What is the AccessTime for Dictionary,List> , is it still O(1)?

Question

I wanted to implement an algorithm with Dictionary<Dictionary<char,int>, List<string>> to find the anagram words in a dictionary.

As i need to implement my custom EqualityComparer for this Dictionary, is the access time still O(1) i.e big O (1) ?

Second question, As part of the EqualityComparer I also need to implement the GetHashCode(). What is the efficient way of determining GetHashCode() for Dictionary<Dictionary<char,int>, List<string>>?

i just came up with this method, is there any better alternative?

public int GetHashCode(Dictionary<char, int> obj)
    {
        unchecked
        {
            int hashCode = 17;
            foreach (var item in obj)
            {
                hashCode += 23 * item.Key.GetHashCode();
            }
            return hashCode;
        }
    }

Any word of advice is appreciated. Thanks!

Answer 1

How about converting the word "need" into the string "d1e2n1" instead of using a Dictionary as key? In order to build this string, you could use a binary tree. A char would be used as key and the character count as value. The binary tree is automatically sorted by the key, which is not the case for a dictionary.

You can calculate a combined hash value from single hash values by combining their binary representation with the XOR operation.
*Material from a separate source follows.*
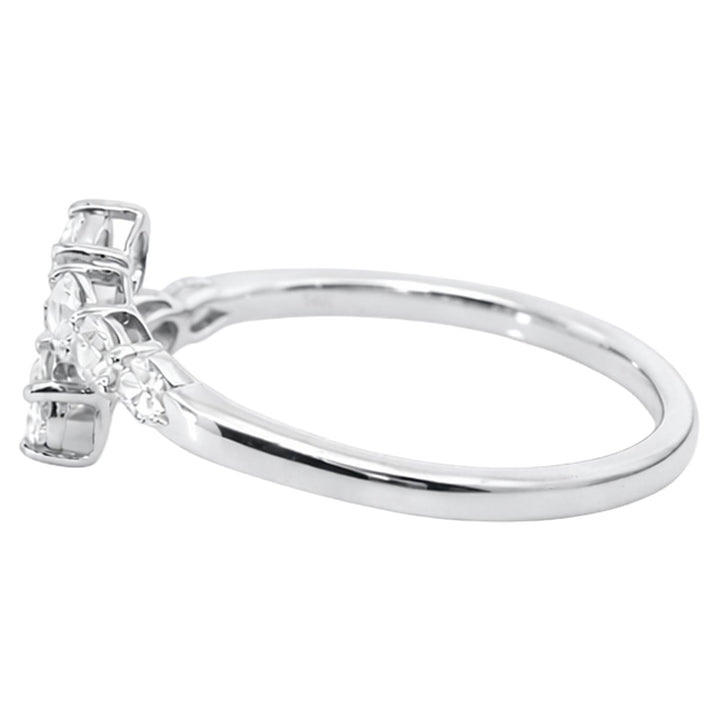 Graduated Diamond Open Ring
With C#, you would do something like this:

public override int GetHashCode()
{
    // Combine hashcode of a and b
    return a.GetHashCode() ^ b.GetHashCode();
}

---

Finding an entry in an unsorted list is an O(n) operation. Finding an entry in a sorted list is an O(log(n)) operation, if a binary search is used.
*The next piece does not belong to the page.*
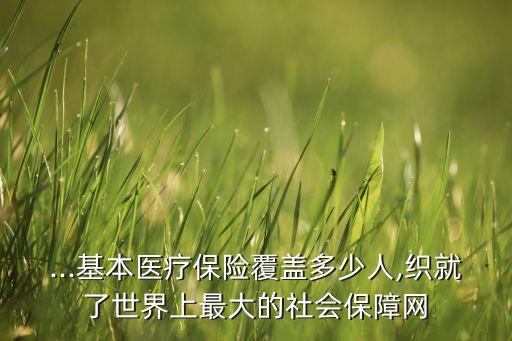 ...基本醫(yī)療保險(xiǎn)覆蓋多少人,織就了世界上最大的社會保障網(wǎng)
Finding a word in a list in a dictionary is an O(1 + n) operation, which is the same as an O(n) operation, or an O(1 + log(n)) operation, which is the same as an O(log(n)) operation.

---

EDIT:

Here is a possible implementation:

var anagrams = new Dictionary<string, List<string>>();
foreach (string word in words) {
    string key = GetFrequency(word);
    List<string> list;
    if (anagrams.TryGetValue(key, out list)) {
        list.Add(word);
    } else {
        list = new List<string> { word };
        anagrams.Add(key, list);
    }
}

It uses this method to get the key:

private string GetFrequency(string word)
{
    var dict = new SortedDictionary<char, int>(); // Implemented as binary tree
    foreach (char c in word.ToLower()) {
        int count;
        if (dict.TryGetValue(c, out count)) {
            dict[c] += 1;
        } else {
            dict[c] = 1;
        }
    }
    return dict.Aggregate(new StringBuilder(), (sb, item) => sb.Append(item.Key).Append(item.Value), sb => sb.ToString());
}

Using this definition for the words ...

var words = new List<string> { "need", "eden", "team", "meat", "meta", "Nat", "tan" };

This test ...

foreach (var item in anagrams.OrderBy(x => x.Key)) {
    Console.WriteLine();
    Console.WriteLine(item.Key + ":");
    foreach (string word in item.Value.OrderBy(w => w)) {
        Console.WriteLine("    " + word);
    }
}

... produces this output

a1e1m1t1:
    meat
    meta
    team

a1n1t1:
    Nat
    tan

d1e2n1:
    eden
    need

---

EDIT #2:

Here is the frequency calculation as suggest by Ben Voigt

private string GetFrequencyByBenVoigt(string word)
{
    char[] chars = word.ToLower().ToCharArray();
    Array.Sort(chars);
    return new string(chars);
}

The test result would be

aemt:
    meat
    meta
    team

ant:
    Nat
    tan

deen:
    eden
    need

Answer 2

The access time of a Dictionary<TKey, TValue> approaches O(1) but is not exactly so. In ideal scenarios (good distribution / few collisions) you can think of it as being O(1) though. In situations where there are lots of collisions due to a low variance in the GetHashCode values the access time degrades and can approach O(N).

Answer 3

A hash code based on container content will be O(n) in the count of items in the container. You could wrap the dictionary in another type and cache the hash code so it only needs to be computed once... but I can think of several more efficient ways to store that data than a dictionary.